Even the most fastidious attorney, the one who prepares all his exhibits, all the direct and cross-examinations of the witnesses, the opening statement and closing argument may forget one crucial element of preparation: the client.
Most civil litigation clients have never stepped into a courtroom, much less been a party to a jury trial. The attorney needs to advise them of the role of the jury and their general attitude. The jurors are the fact finders, so they sit in judgment of the parties. They are examining their every move, every statement, and every facet of their being. The jurors are judging your clients on their dress, their posture, and their demeanor.
Worst of all, most jurors do not want to be jurors. While they are fulfilling their civic duty, they are there to the detriment of their work and their families. In sum, they are not a friendly audience.
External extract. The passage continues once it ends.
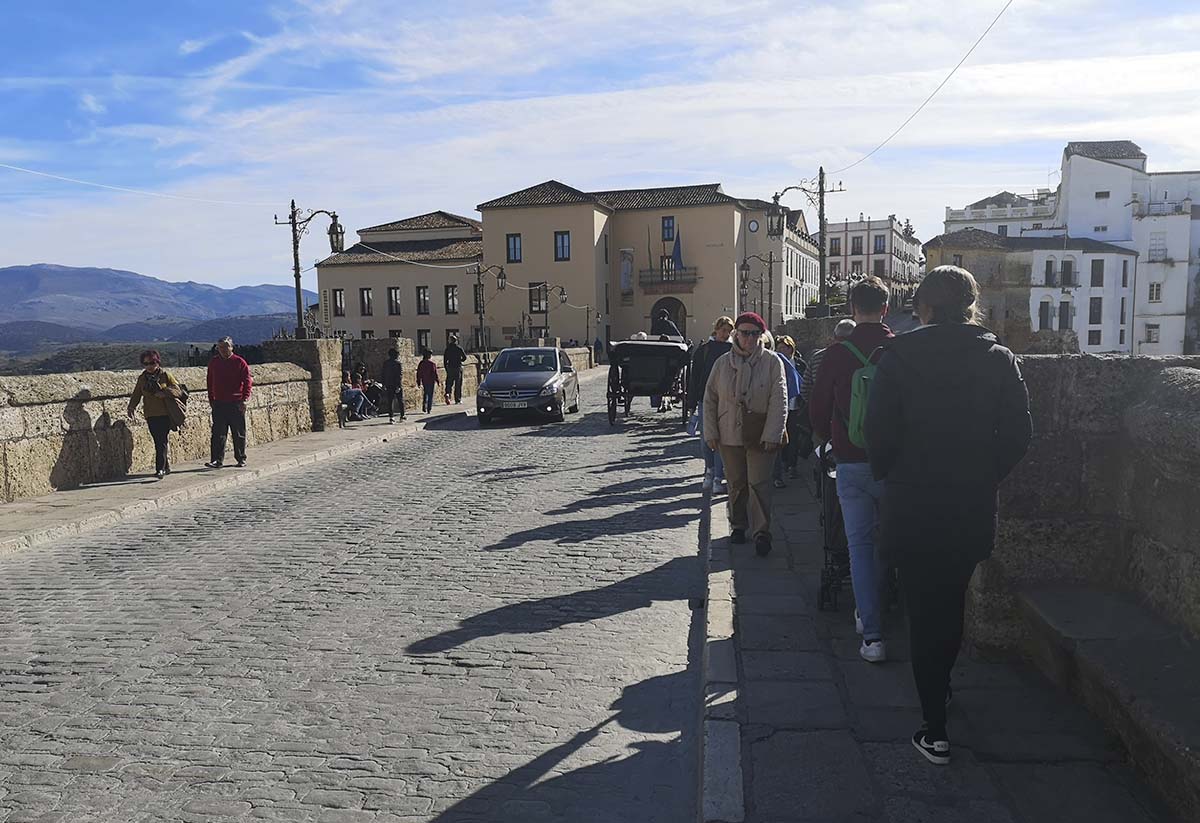 Las cámaras que multarán a los conductores que crucen el Puente Nuevo en horario restringido ya están funcionando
The client needs to be advised of jury’s role and their attitude prior to the trial. The attorney needs to advise the client on appropriate attire. Clothing choices may vary depending on what sentiment you want to elicit from the jurors: the confident business executive, the humble tenant, or the injured motorist. The lawyer must also remind the client that they are on stage during the entire trial, including when the court is out of session. The jurors are watching them. The client needs to be careful of what they say and how they act. They should not make comments or ask questions of the lawyer in earshot of jurors. Also, their expressions should not be overly emotional on any scale. An exception to this rule is when the client is testifying, and the testimony is best served with some natural emotion and conviction.
A good lawyer explains the voir dire process. Not only is it a time to learn about the backgrounds, beliefs, and possible prejudices of a potential juror, but it also affords the attorney an opportunity to connect with the jury through an almost conversational approach of questioning. During voir dire, the client should be instructed to look at the juror and listen to the answers, as if the client was a good host at a dinner party. Regardless of the answer, the client should show some nonverbal clues that he is interested in what the juror has to say, such as a nod or small smile.
In a very close case on the facts or a case in which damages are based on your client’s pain and suffering, your client’s performance, outside their testimony, before these jurors may be the deciding edge to victory and a larger verdict.